A new study compiled by Gallup comparing widely used barometers of midterm attitudes since 1974, which has made the rounds widely in Democratic circles this week, underscores just how bad the atmosphere has become.
Biden’s approval rating stands at an average of just 41 percent in Gallup surveys, tied with former President Trump before the 2018 midterms and lower than any president except George W. Bush in 2006.
Just 18 percent of Americans approve of the job Congress is doing, the lowest figure for a midterm year and three points lower than its rating in both 2018, when Republicans lost control of Congress, and 2010, when Democrats surrendered control.
Only 16 percent of Americans are satisfied with the direction of the country, another nadir. And the gap between those who see an economy headed in a negative direction and those who see economic conditions heading the right way is 32 percentage points, on par with the depths of the great recession ahead of the 2010 midterms.
“Today’s polls indicate a tsunami,” said David Paleologos, who heads polling at Suffolk University.
Interviews with half a dozen Democratic strategists and pollsters — most of whom declined to put their anxiety on the record — show a party clinging to hopes that voter anger can be spread across the aisle. They point to numbers that show that while Democrats aren’t popular, neither are Republicans, and that several major events still to play out before the midterm elections will underscore the GOP’s chief weaknesses.
“Abortion, guns and January 6th are causing them real problems taking advantage of the political environment,” said John Anzalone, who conducted polling for Biden’s 2020 presidential campaign. “Voters may not be happy with the party in power, but they sure aren’t excited about the alternative.”
A spate of recent polls underscore the point that, while national indicators hint at a GOP rout, that hasn’t translated into huge leads for Republican candidates.
A survey out this week and last shows Pennsylvania Lt. Gov. John Fetterman (D) leading television celebrity doctor Mehmet Oz (R) by a nine-point margin in the race for an open Senate seat, and Attorney General Josh Shapiro (D) leading state Sen. Doug Mastriano (R) by four in the race for governor. In Georgia, Sen. Raphael Warnock (D) and former NFL running back Herschel Walker (R) are tied.
One survey this week of voters in North Carolina showed former Supreme Court Chief Justice Cheri Beasley (D) leading Rep. Ted Budd (R) in the race for Senate, while three polls last month showed Budd with leads. And in Ohio, a state Trump carried by a wide margin, an initial survey showed Trump-backed author J.D. Vance (R) outpacing Rep. Tim Ryan (D) by only three percentage points, with nearly 20 percent undecided.
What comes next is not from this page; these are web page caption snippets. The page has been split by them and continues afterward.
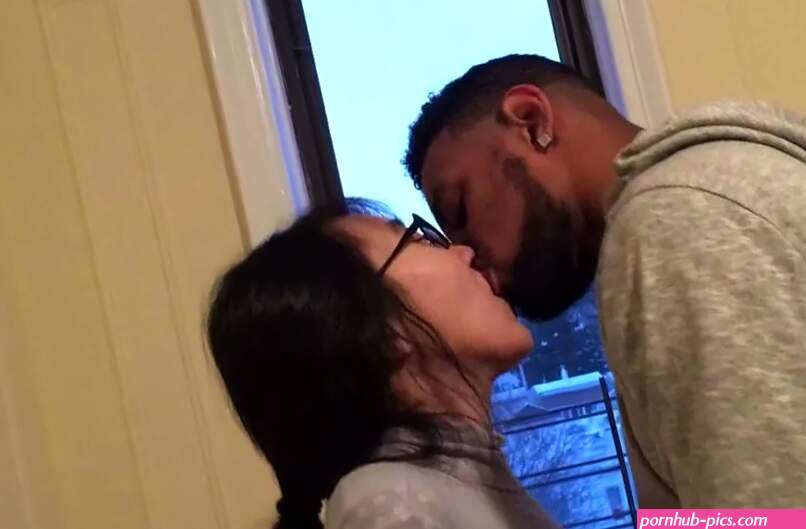 Asian Women Love BBC: Boyfriend films Korean girl making out with her first Black guy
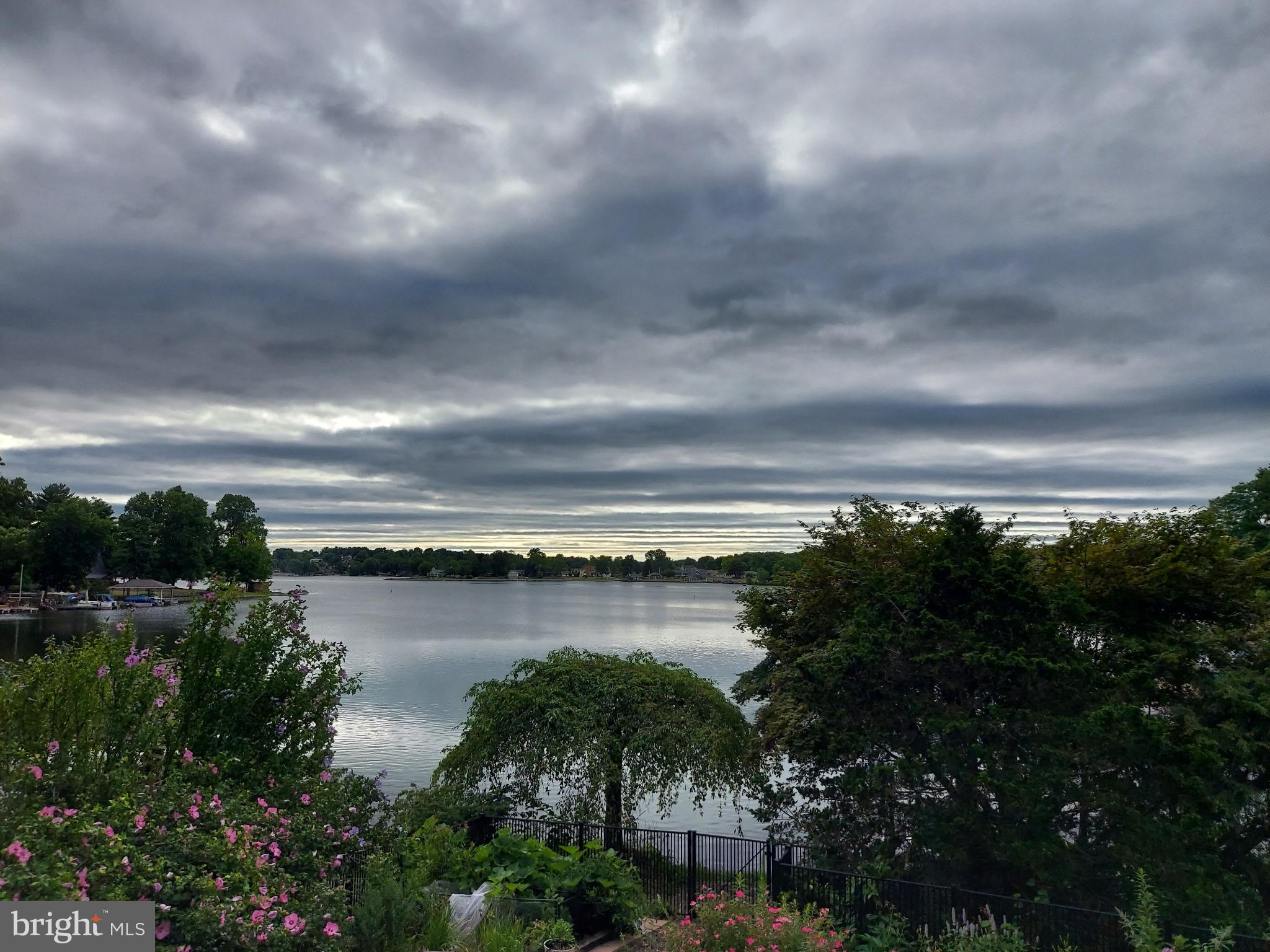 LAKE MEADE - Residential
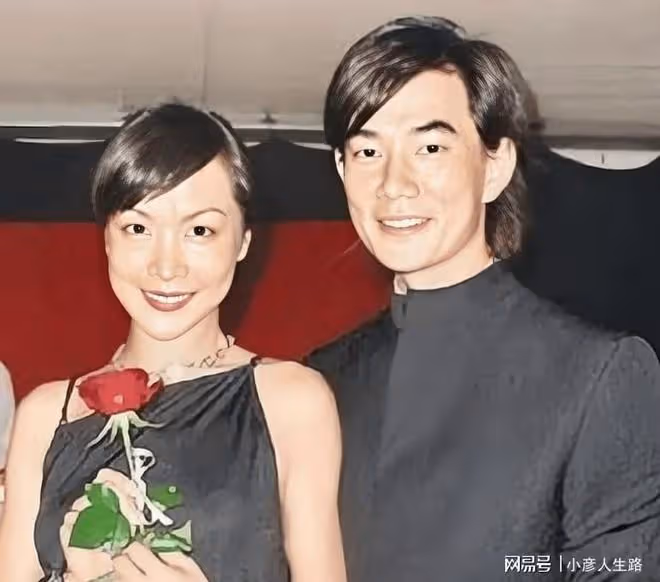 56歲任賢齊自嘲過氣!婚後甘當妻管嚴,結婚20年仍似初戀零緋聞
“It is a challenging environment, one that we could have predicted years ago because it follows historic trends. It’s very difficult to break those historic trends at the national level. But there certainly is an opportunity, race by race, for Democrats to chart a different course,” said Matt Canter, a Democratic pollster. “A lot can change. Things can get worse, but there’s no question that things can get better as well.”
Under the hood of those promising — or at least not disastrous — results are more warning signs for the Democratic incumbents. Biden’s approval ratings are even worse in those swing states than they are nationally. They stand at 38 percent in Georgia, a state he won by just 11,000 votes, and 39 percent in Pennsylvania, a state Biden carried by 80,000 votes.
History is not a source of hope for Democrats, especially those relying on pro-Biden sentiment for their own chances. Only twice since 1974 has a president’s party gained seats in midterm elections: In 1998, when Bill Clinton’s approval rating stood at 66 percent and Americans had a positive impression of economic conditions by a 60 point margin, and in 2004, when 63 percent approved of George W. Bush’s handling of the presidency and Congress’s approval rating stood at 50 percent, a margin unmatched since.
Some Democratic pollsters point to partisanship as another cause for concern. Today, 45 percent of Americans say they are Democrats or lean toward the party, and the same number say they are Republicans or lean that way. In the last three midterm elections in which the two parties were at parity or within one point of even, Democrats have lost seats — including in 2010 and 1994, the two years when Republicans reclaimed 63 and 53 U.S. House seats, respectively.
Paleologos, the Suffolk University pollster, said the Democrats who are doing relatively well in his surveys — Ryan in Ohio and Fetterman in Pennsylvania — are running as outsiders.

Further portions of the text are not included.